Here is a sample piece of code:

def run():
a = 1
def run2(b):
print a
run2(2)
print a
run()

which gives the output:

1
1

whereas this piece of code:

def run():
a = 1
def run2(b):
a = b
print a
run2(2)
print a
run()

gives:

2
1

and finally this code bombs:

def run():
a = 1
def run2(b):
print a
a = b
run2(2)
print a
run()

with an error about UnboundLocal. It seems that lexical scope works
only for references, and as soon as I make an assignment a new local
is created. Is this true?

Matt

 

[Gary Herron]

I must be misunderstanding how Python 2.3 handles lexical scoping.
Here is a sample piece of code:

The rule is this simple:

An assignment to a variable *ANYWHERE* within a block of code makes
that variable local *EVERYWHERE* within that block, possibly hiding
variables of the same name in outer scopes.

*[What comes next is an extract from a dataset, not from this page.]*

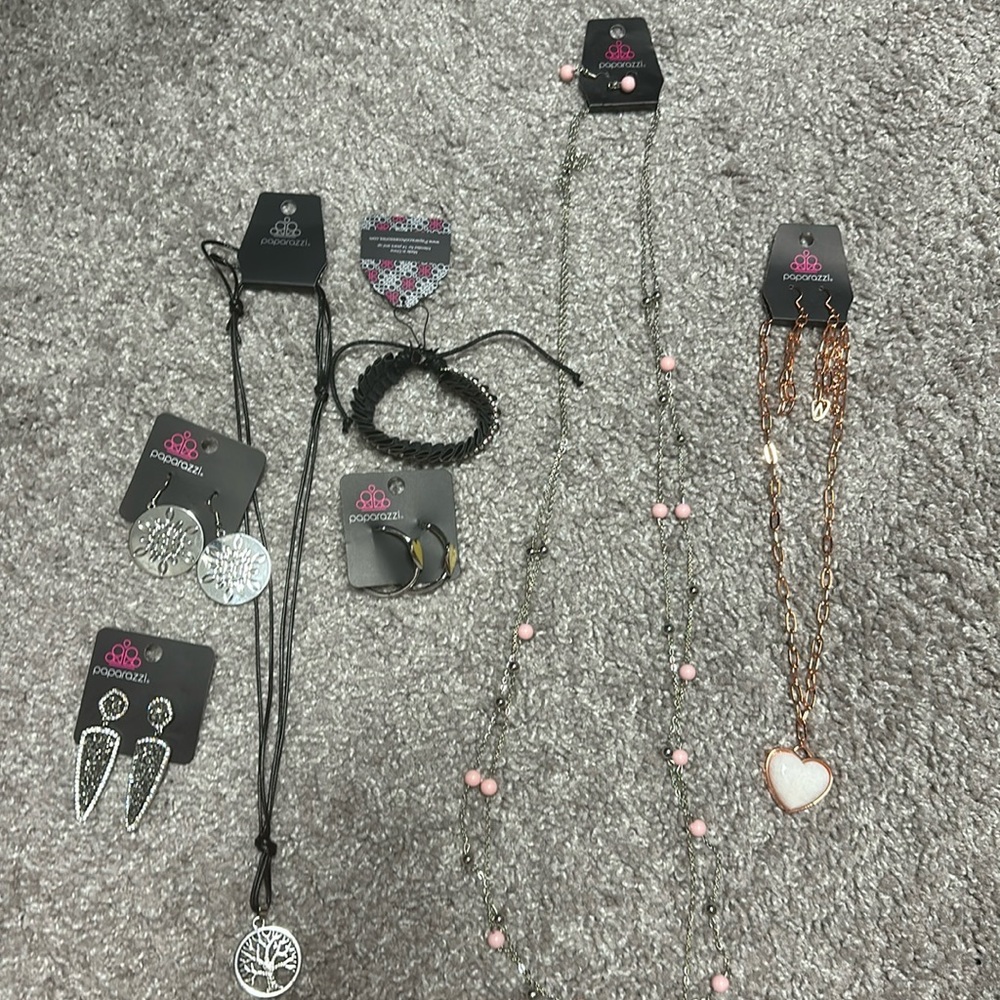 Lot of jewelry earrings bracelet and necklaces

That rule will explain all three of your examples.

Gary Herron

 

[Werner Schiendl]

Hi,

It seems that lexical scope works
only for references, and as soon as I make an assignment a new local
is created. Is this true?

Yes (short answer)


If you really need to modify some variable in an outer scope you can
use a mutable object for that kind of thing, like so:
.... a = [1]
.... def run2(b):
.... print a[0]
.... a[0] = b
.... run2(2)
.... print a[0]
.... 1
2

Or you can use a global variable like so:
.... global a
.... a = 1
.... def run2(b):
.... global a
.... print a
.... a = b
.... run2(2)
.... print a
.... 1
2


It depends on what you are trying to accomplish


hth

Werner

 

[Paul Clinch]

From the language lawyers section of python doc.s :-

"If a name is assigned to anywhere in a code block (even in
unreachable code), and is not mentioned in a global statement in that
code block, then it refers to a local name throughout that code
block."

Try:-

def run():
a = 1
def run2(b):
global a
print a
a = b
run2(2)
print a
run()